How patterndb-yaml Works
Technical details of the log normalization algorithm.
Core Algorithm
patterndb-yaml combines YAML-defined rules with syslog-ng's patterndb engine for pattern matching. The algorithm processes logs line-by-line with constant memory usage, making it suitable for files of any size.
Architecture
graph TD
A[Input Stream] --> B[1. Load Rules & Generate Patterns]
B --> C[Parse YAML rules]
C --> D[Generate syslog-ng XML]
D --> E[Initialize syslog-ng pattern matcher]

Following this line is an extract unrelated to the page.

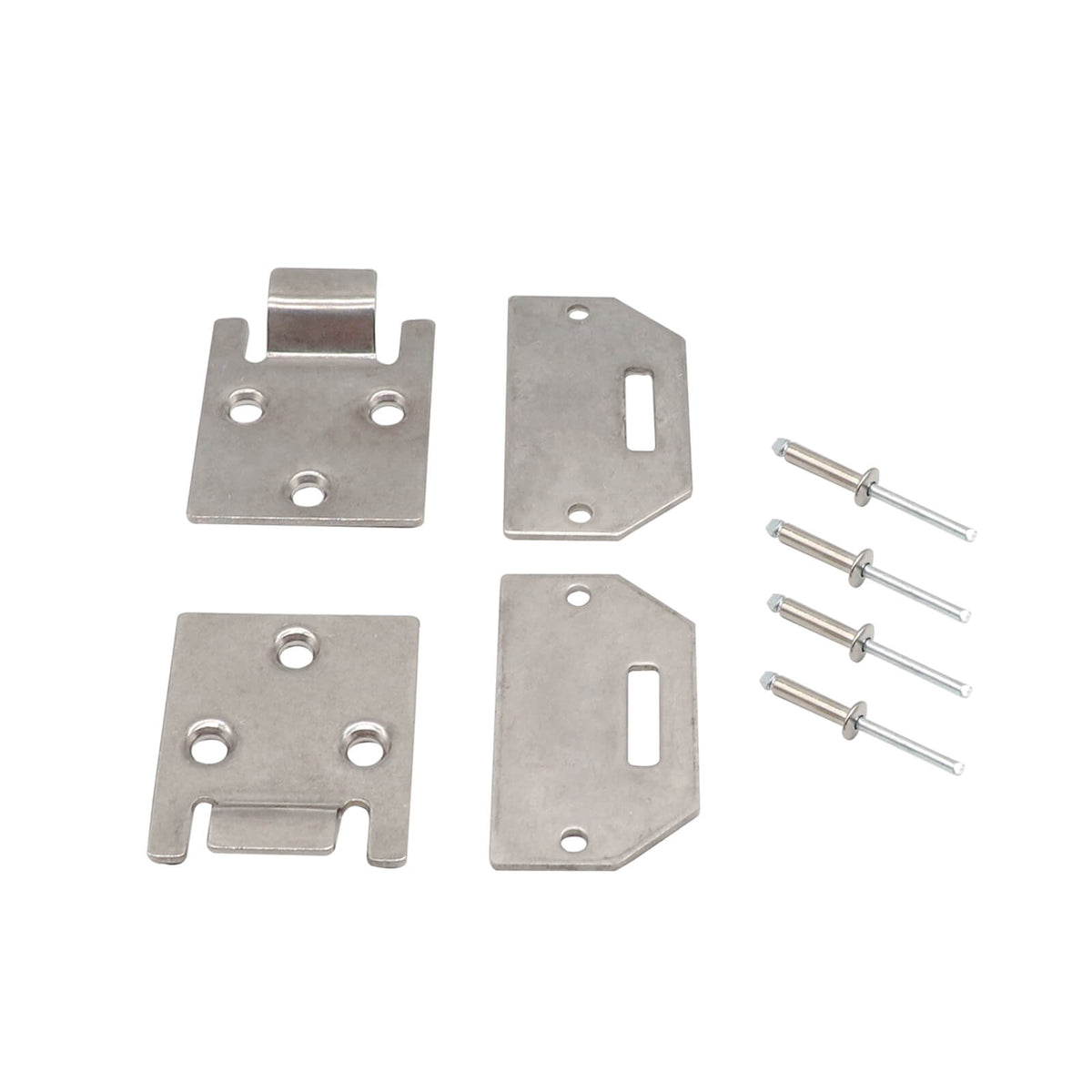 EZGO Seat Hinge & Bottom Plate Kit - 2 Pairs Fits TXT/Medalist 1995+ | Drive-up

E --> F[2. Line-by-Line Processing]
F --> G{Check LRU Cache}
G -->|Cache Hit| L[Use Cached Result]
G -->|Cache Miss| H[3. Pattern Matching via syslog-ng]
H --> I[Extract Fields]
I --> J{Sequence Leader?}
J -->|Yes| K[Buffer & Collect Followers]
J -->|No| L
K --> L[4. Output]
L --> M[Output Stream]
Processing Phases
Initialization: - Parse YAML rules and generate syslog-ng XML patterns - Initialize syslog-ng pattern matcher with temporary XML file - Set up LRU cache (65,536 entries) and sequence buffers
Per-Line Processing: - Strip ANSI escape codes - Check LRU cache for identical lines (O(1) if cached) - Match against syslog-ng patterns (first match wins) - Extract fields and apply output template - Buffer multi-line sequences if needed
Finalization: - Flush buffered sequences - Output statistics and clean up temporary files
Key Concepts
Pattern Matching
Pattern matching is performed by syslog-ng's patterndb engine, which uses a radix tree for efficient matching. patterndb-yaml generates syslog-ng XML from YAML rules, then applies first-match-wins rule ordering:
for rule in rules: # patterndb-yaml rule order
if syslog_ng_matches(line, rule.pattern): # syslog-ng engine
return apply_template(rule.output, extracted_fields)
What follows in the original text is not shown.